So that's Saturn. Jupiter is in Sagittarius and will be for most of the year. That's really, really good. Your other daddy is perfectly placed to crank out a continuous stream of utopias. And -such are the peculiarities of fate when living at this point in the timeline- January is exceptionally well configured for you to plan and begin implementing said utopias.
Which is why the thought of hopepunk disappoints me. For background, please see both Jay's thread and the thread he shares:
Great thread from publisher @sarenaulibarri on hopepunk / solarpunk. https://t.co/JGKuPwv2j0
— Your roots are in the infinite (@thejaymo) December 31, 2018
Now, let me be clear. I absolutely get the sentiment. Wallowing in dystopia is idiotic in days like these. But hope is not strong enough. Hope externalises your power away from you and makes it small in the face of its adversities. It is the belief there is a chance that external conditions may change around you.
You expend the exact same amount of energy hoping as you do imagining utopia. There are no efficiency gains to be made here. Hopepunk is what happens when that infinite luminosity that is our true nature tries to force its way up and through late-capitalist materialism and out onto the centrist internet. Light without heat, in a darkness that comprehendeth not.

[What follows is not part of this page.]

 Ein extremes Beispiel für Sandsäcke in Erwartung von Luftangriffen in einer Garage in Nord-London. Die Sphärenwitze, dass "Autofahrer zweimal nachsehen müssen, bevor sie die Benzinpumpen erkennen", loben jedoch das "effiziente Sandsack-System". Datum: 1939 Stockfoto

As practitioners, I demand more of you than this. Demand it. This is not a benignly inspiring post. I need you to shoot for utopia. The world needs you to shoot for utopia. Who else will do it if not us? Here ye, the words of our Grandmother in Spirit:
When an insurance broker tells you that SF doesn’t deal with the Real World, when a chemistry freshman informs you that Science has disproved Myth, when a censor suppresses a book because it doesn’t fit the canons of Socialist Realism, and so forth, that’s not criticism; it’s bigotry. If it’s worth answering, the best answer is given by Tolkien, author, critic, and scholar. Yes, he said, fantasy is escapist, and that is its glory. If a soldier is imprisoned by the enemy, don’t we consider it his duty to escape? The moneylenders, the knownothings, the authoritarians have us all in prison; if we value the freedom of the mind and soul, if we’re partisans of liberty, then it’s our plain duty to escape, and to take as many people with us as we can.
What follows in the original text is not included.